Authenticity is still in vogue it seems but continues to mean different things to different commentators and organisations.
Herminia Ibarra is the Cora chaired Professor of leadership and learning and Professor of organisational behaviour at INSEAD. She wrote an article entitled ‘The Authenticity Paradox’ published in HBR’s new book ’10 must reads for new managers’.
Ibarra suggests that being authentic is not about being your one true self. I was intrigued. My personal definition of authenticity is ‘to act in a manner consistent and congruent with one’s thoughts, values and beliefs.’ So what does Ibarra say it is about?
She believes that it’s meaning has become too defined by American culture and models of leadership. For example, today’s authentic leader is seen to be required to bring a hefty dollop of self-disclosure into their leadership practice. This, Ibarra suggests, makes life more challenging for leaders from cultures with different norms for authority and communication from those of Americans.
This view seems to me to create another paradox all of its own. The moment I choose to conform to another’s way of being or doing things, surely I am not being authentic – unless I have made a conscious choice to conform because I truly think and believe it is the right thing for me to do?
Let’s assume that I have decided that I want to work for and succeed in an American organisation in which I am expected to behave in ways contrary to my cultural norms. Let’s assume that the organisation insists that I conform to American interpretations of what it means to be authentic. Presuming I am of sane mind, surely I am therefore choosing to accept these expectations because I believe and think that conforming is the right thing to do for me and if I believe that conforming is the right thing to do for me, even if that makes my life difficult, does that choice not reflect my true self? If I think it is the wrong thing to do to conform and make my life more difficult, the question to be reasonably asked of me would be why am I doing it?
Quoted in the CIPD’s spring edition of Work magazine, Ibarra says that we should take what we learn from other’s leadership styles and make these our own. She also says that our leadership identity should change each time we find ourselves in different circumstances and faced with different challenges.
Hmmmm.
Let’s take Goleman’s 6 leadership styles for a moment: Visionary, Commanding, Democratic, Pace setting, Affiliative and Coaching. I agree that good leaders can bring to bear the skills required by these styles into any given circumstance requiring that style to get the best result. But something worries me about what Ibarra seems to be suggesting.
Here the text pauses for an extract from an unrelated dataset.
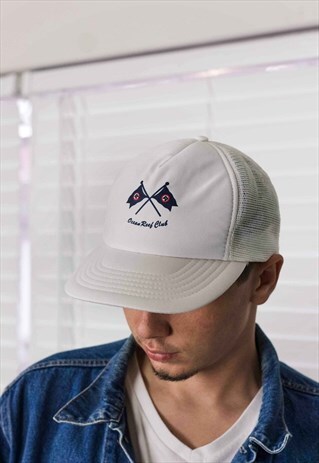 VINTAGE OCEAN REEF CLUB CAP LOGO 90S ONE SIZE 2.2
I am not convinced by the idea that a leader deciding this week to be a Pace Setter and next week exploring being Democratic is going to attract too many followers – especially if the leader is not acting in these ways because the task in hand requires such a shift but because they are experimenting with their own learning and development. I am not sure as a team member, I would actually want to be the subject of my boss’s leadership experiments. By my definition, to be authentic, I’d much prefer my leader to carry on being their true self and explain to me the need to operate using different leadership skills to fit the task in hand.
Anything that encourages the suppression of one’s true nature seems to me like a retrograde step in anyone’s development and is just one step away from repression – and a repressed leader is a dangerous beast.
Another take on the subject of authenticity, this time organisational authenticity, comes also this month from Matthew Jeffery. Jeffery is VP and global head of employment brand and sourcing at SAP, the enterprise application software firm. He has supported SAP in its endeavour to bring about something I’ve been advocating to HR and L and D professionals for twenty years: reshaping the brand to be an authentic representation of its employees. This is in contrast to how most organisations seem to want to create their brands – through, as Jeffery puts it, ‘marketing led spin’. An organisation’s brand, ultimately, will always mirror the behaviours, beliefs, values and attitudes of its employees. Trying to make it work the other way around is like planting a beautiful rose on stony ground and expecting the plant to turn the ground beneath it into rich, mineral-laden soil. And yet that is what so many organisations do: pick and choose the values which seem most acceptable, pay lots of money to have them etched into the glass of the doors and windows of the building and then, at best, fail to notice and, at worst, overlook the incongruence between the stated values and the actions of employees.
Hats off to SAP, I say, who have seen their Glassdoor rating improve from 3.7 in 2015 to 4.2 in 2016. May many organisations authentically follow suit.